I have a setup where all configured Wireguard clients end up with an IP in an specific subnet.
I have multible subnets running and for each subnet I use a specific VLAN ID.
Subnet 1: VLAN 1
Subnet 2: VLAN 2
Subnet 3: VLAN 3 <- IP Range for Wireguard clients
The Wireguard-interface does not give me any option to choose a VLAN ID.
I cannot even choose a device (which would be the normal way after creating an VLAN (802.1q) device).
How can I setup openwrt so that that all Wireguard clients end up with a VLAN ID?
As a workaround I use the ACK function of my managed switch to set the VLAN ID.

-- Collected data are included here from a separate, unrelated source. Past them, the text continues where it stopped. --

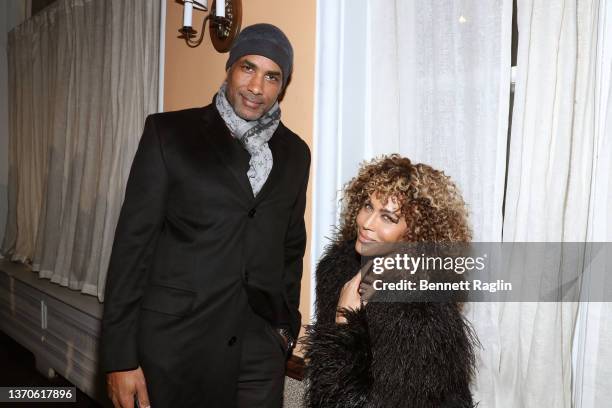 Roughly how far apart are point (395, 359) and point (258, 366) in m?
0.68

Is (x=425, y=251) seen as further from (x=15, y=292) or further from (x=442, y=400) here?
(x=15, y=292)

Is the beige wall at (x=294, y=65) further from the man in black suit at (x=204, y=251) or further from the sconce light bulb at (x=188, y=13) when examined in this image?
the man in black suit at (x=204, y=251)

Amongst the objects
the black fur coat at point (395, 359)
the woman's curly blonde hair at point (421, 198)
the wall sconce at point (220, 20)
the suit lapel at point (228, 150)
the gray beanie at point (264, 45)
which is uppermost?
the wall sconce at point (220, 20)

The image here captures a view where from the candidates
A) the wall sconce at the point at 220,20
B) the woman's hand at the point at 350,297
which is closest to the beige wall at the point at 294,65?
the wall sconce at the point at 220,20

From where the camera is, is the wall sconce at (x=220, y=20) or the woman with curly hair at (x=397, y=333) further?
the wall sconce at (x=220, y=20)

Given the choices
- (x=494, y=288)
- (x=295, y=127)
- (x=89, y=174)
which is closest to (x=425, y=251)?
(x=494, y=288)

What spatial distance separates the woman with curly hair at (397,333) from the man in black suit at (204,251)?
13.8 inches

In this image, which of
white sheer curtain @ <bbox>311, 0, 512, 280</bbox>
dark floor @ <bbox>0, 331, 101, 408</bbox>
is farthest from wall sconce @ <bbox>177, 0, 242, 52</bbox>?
dark floor @ <bbox>0, 331, 101, 408</bbox>

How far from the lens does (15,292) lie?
470 centimetres

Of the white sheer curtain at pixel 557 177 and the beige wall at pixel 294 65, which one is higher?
the beige wall at pixel 294 65

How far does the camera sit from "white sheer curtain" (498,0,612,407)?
1.52 metres

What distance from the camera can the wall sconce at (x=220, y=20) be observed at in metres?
2.50

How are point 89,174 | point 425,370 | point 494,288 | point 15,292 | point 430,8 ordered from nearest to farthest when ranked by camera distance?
point 425,370 < point 494,288 < point 430,8 < point 89,174 < point 15,292

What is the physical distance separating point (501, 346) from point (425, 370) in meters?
0.55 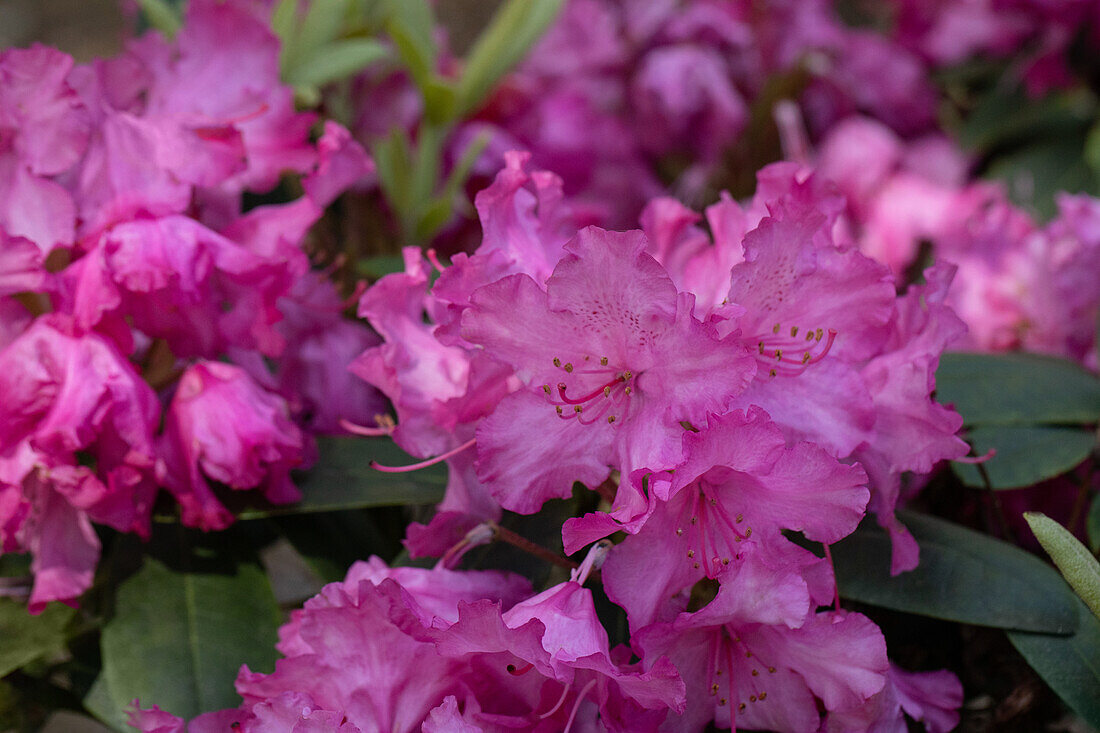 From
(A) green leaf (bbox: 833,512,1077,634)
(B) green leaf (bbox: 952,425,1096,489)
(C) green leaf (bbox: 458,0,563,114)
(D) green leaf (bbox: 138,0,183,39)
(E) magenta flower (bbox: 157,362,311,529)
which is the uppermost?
(D) green leaf (bbox: 138,0,183,39)

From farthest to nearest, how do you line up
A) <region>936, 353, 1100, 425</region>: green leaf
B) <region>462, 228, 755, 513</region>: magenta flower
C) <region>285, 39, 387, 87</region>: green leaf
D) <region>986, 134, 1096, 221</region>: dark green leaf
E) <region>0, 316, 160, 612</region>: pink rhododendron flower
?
1. <region>986, 134, 1096, 221</region>: dark green leaf
2. <region>285, 39, 387, 87</region>: green leaf
3. <region>936, 353, 1100, 425</region>: green leaf
4. <region>0, 316, 160, 612</region>: pink rhododendron flower
5. <region>462, 228, 755, 513</region>: magenta flower

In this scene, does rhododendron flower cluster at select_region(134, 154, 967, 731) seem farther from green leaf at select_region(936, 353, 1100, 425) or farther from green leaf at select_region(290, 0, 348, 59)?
green leaf at select_region(290, 0, 348, 59)

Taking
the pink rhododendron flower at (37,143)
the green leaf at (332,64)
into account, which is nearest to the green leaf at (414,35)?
the green leaf at (332,64)

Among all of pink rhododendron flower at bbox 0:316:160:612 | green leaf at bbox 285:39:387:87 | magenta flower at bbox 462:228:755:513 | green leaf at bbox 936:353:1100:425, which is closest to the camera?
magenta flower at bbox 462:228:755:513

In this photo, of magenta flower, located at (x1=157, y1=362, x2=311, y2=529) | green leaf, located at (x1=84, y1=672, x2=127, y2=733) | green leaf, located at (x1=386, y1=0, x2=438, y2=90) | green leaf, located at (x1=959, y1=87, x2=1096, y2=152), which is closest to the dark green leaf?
green leaf, located at (x1=959, y1=87, x2=1096, y2=152)

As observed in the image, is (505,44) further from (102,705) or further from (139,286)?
(102,705)

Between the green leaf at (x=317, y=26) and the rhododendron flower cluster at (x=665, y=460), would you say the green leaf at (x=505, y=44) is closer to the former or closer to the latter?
the green leaf at (x=317, y=26)

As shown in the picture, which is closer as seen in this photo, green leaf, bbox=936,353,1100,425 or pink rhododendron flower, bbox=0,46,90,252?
pink rhododendron flower, bbox=0,46,90,252

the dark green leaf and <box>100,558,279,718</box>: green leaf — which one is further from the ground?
<box>100,558,279,718</box>: green leaf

The thing is, the wireguard only exists on the CPU and hence just get "routed". The routing will add the VLAN. So make another interface with the required VLAN. E.g. put both of them in the same firewall zone then it will get tagged.
Not quite true. If you set up a interface using a VLAN device you will end up with communication using the desired VLAN.
It is the same concept I use for all my other subnets where I route over bridged-lan.10 , briged-lan.20, and so on.
I want to achive that the networks are truly separated. With the Wireguard subnet running untagged and the main subnet running untagged. Or maybe 2 wireguard subnets running untagged it is possible for clients to connect to clients in the other subnet directly and circumvent the firewall as a whole. With VLANs in place and active this is impossible.
A Wireguard interface is not tagged nor untagged because it does not handle Ethernet frames, it just handles IP/UDP packets. An vlan id is inserted into an Ethernet frame.
I suppose you now have this sorted out, but my earlier statements are correct in that wireguard, as a non-ethernet based interface (it is a tunnel) does not have the concept of 802.1q tagging for VLANs.
What you may be looking to do is to route between the WG interface and one or more other networks. Routing is the method here, not bridging or tagging.